Short text fragments from websites:
== Segment start ==

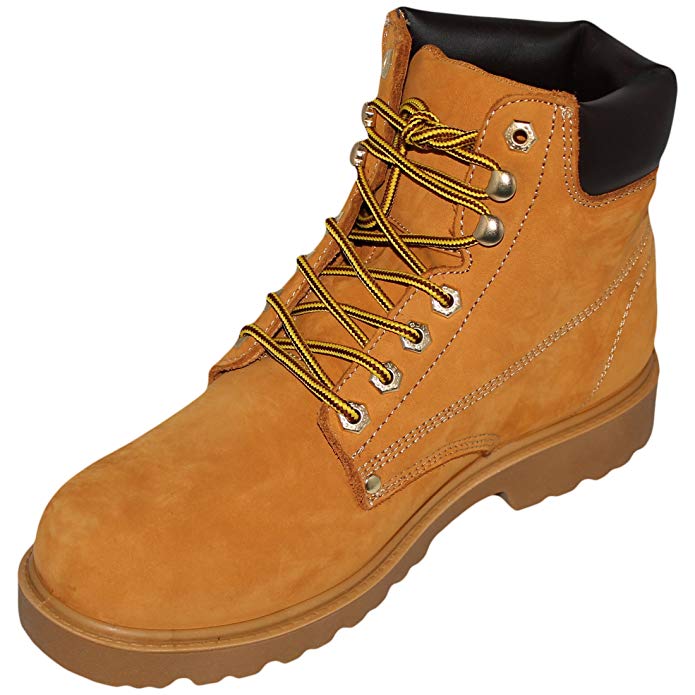 Men's Construction Oil/Abrasion Resistant Leather Work Boot in Wheat, Black Brown Sizes 6-13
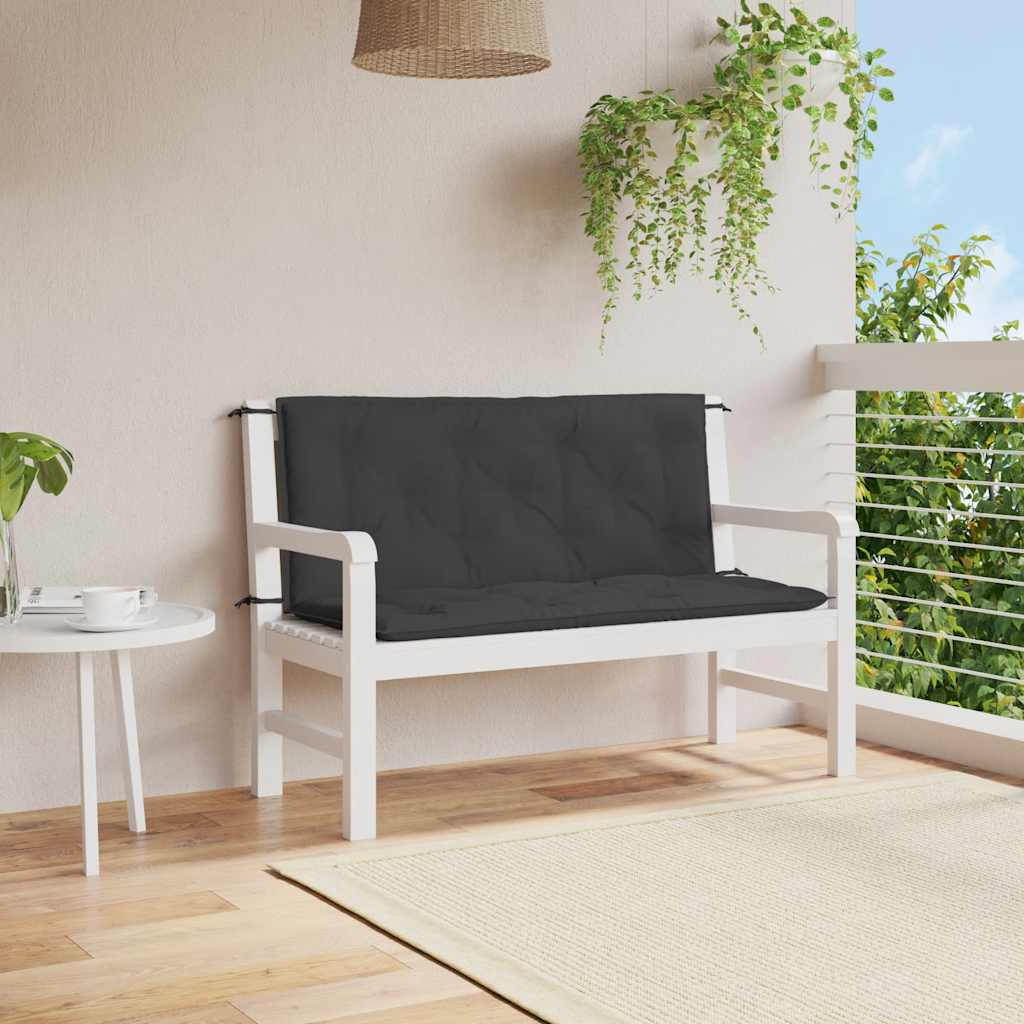 Jastuk za vrtnu klupu crni 120 x (50+50) x 7 cm tkanina Oxford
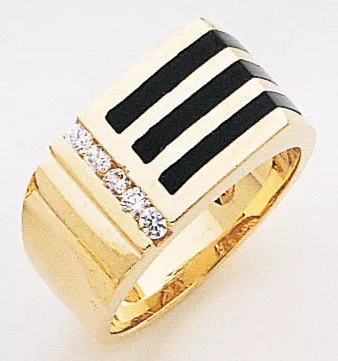 14K Gold 11Mm Three Black Onyx Accented Cubic Zirconia Ring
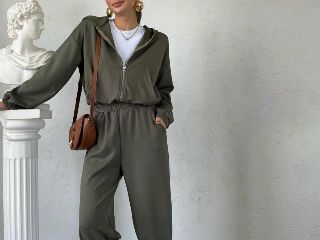 Trening dama, doua piese, oversize, kaki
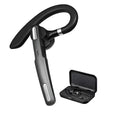 Black mono Bluetooth headset with an ear hook, showing its single earpiece design.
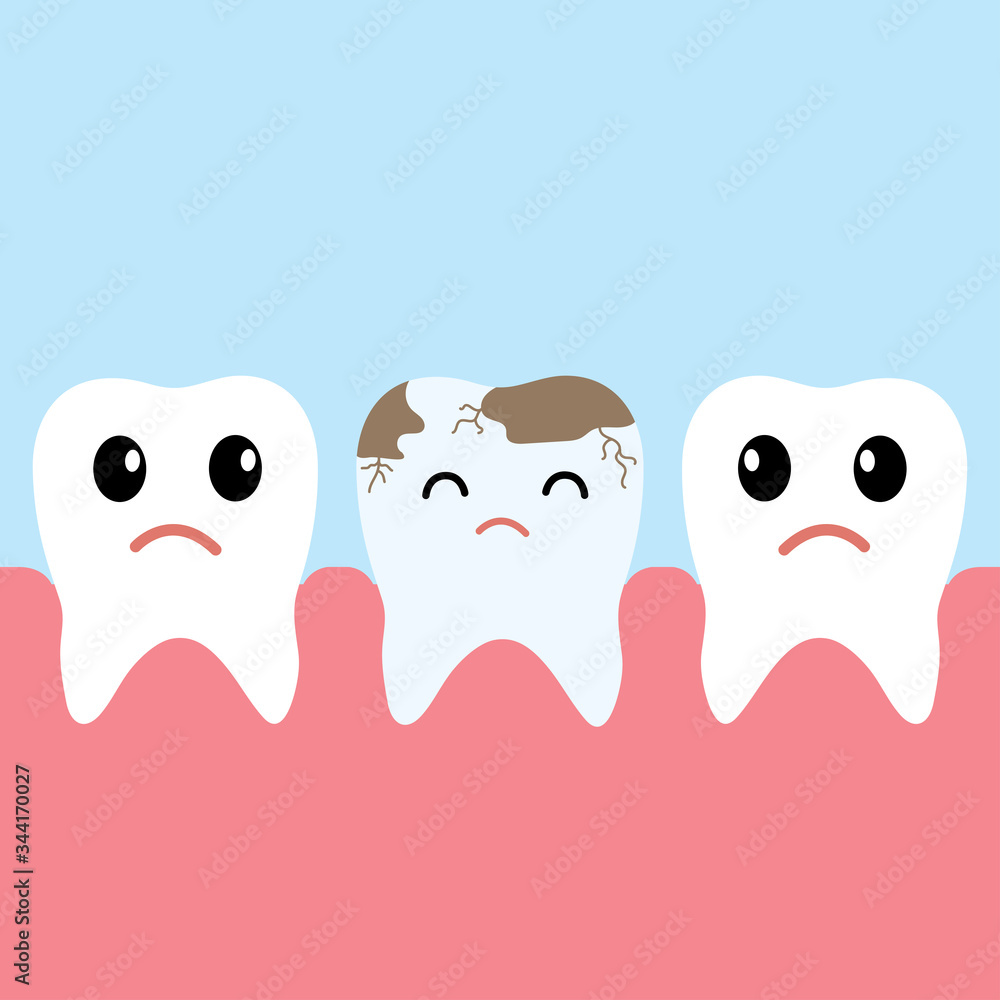 Obraz premium Row of health teeth and one bad tooth with caries,healthcare concept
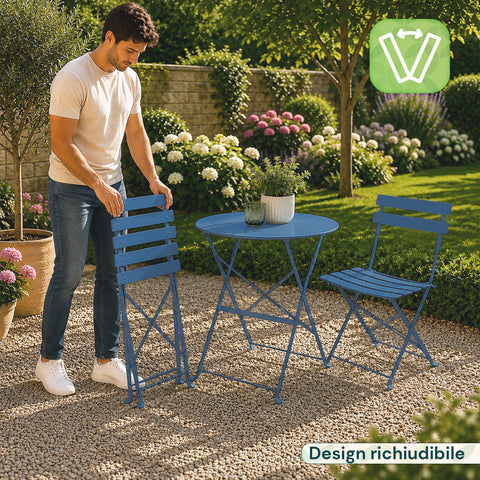 Set Tavolo e 2 Sedie Richiudibili in Ferro da Giardino – Tavolo Rotondo ø 60cm e 2 Sedie Salvaspazio – Portata 150kg/100kg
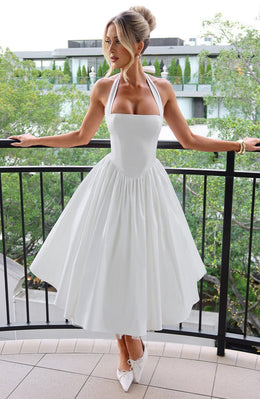 Ariana | Women Wedding Guest Halter Midi Dress
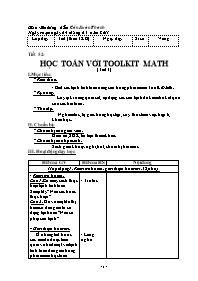 Giáo án Tin học 7 tiết 52: Học toán với toolkit math (tiết 3)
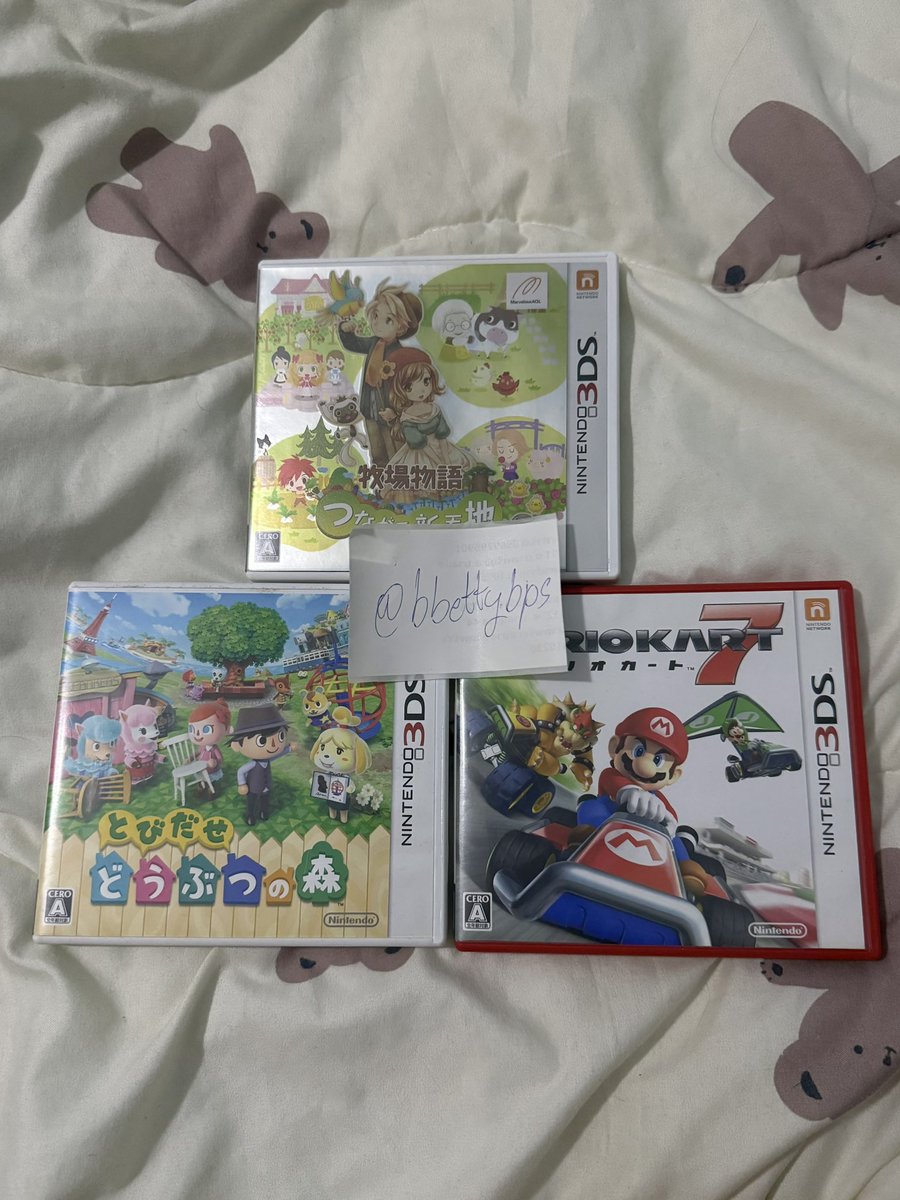 bbettybps's tweet photo. แผ่นเกม 3DS Japanทั้งหมด เล่นได้ปกติ
Mario kart 7 300
Story of seasons 500
Animal crossing new leaf 350
*ราคารวมส่งแล้ว
ถ้ารับทั้ง3เกม 1000ส่งฟรี
#NINTENDO3DS #3DS #Nintendo #Nintendoมือสอง #แผ่นเกม3ds #ส่งต่อแผ่นเกม #แผ่นเกมพร้อมส่ง #พร้อมส่ง https://t.co/GPhqVOSXzS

== Segment end ==

(Directions) Repeat each line of the records exactly, dropping the pictures.

(Response)
 Men's Construction Oil/Abrasion Resistant Leather Work Boot in Wheat, Black Brown Sizes 6-13
 Jastuk za vrtnu klupu crni 120 x (50+50) x 7 cm tkanina Oxford
 14K Gold 11Mm Three Black Onyx Accented Cubic Zirconia Ring
 Trening dama, doua piese, oversize, kaki
 Black mono Bluetooth headset with an ear hook, showing its single earpiece design.
 Obraz premium Row of health teeth and one bad tooth with caries,healthcare concept
 Set Tavolo e 2 Sedie Richiudibili in Ferro da Giardino – Tavolo Rotondo ø 60cm e 2 Sedie Salvaspazio – Portata 150kg/100kg
 Ariana | Women Wedding Guest Halter Midi Dress
 Giáo án Tin học 7 tiết 52: Học toán với toolkit math (tiết 3)
 bbettybps's tweet photo. แผ่นเกม 3DS Japanทั้งหมด เล่นได้ปกติ
Mario kart 7 300
Story of seasons 500
Animal crossing new leaf 350
*ราคารวมส่งแล้ว
ถ้ารับทั้ง3เกม 1000ส่งฟรี
#NINTENDO3DS #3DS #Nintendo #Nintendoมือสอง #แผ่นเกม3ds #ส่งต่อแผ่นเกม #แผ่นเกมพร้อมส่ง #พร้อมส่ง https://t.co/GPhqVOSXzS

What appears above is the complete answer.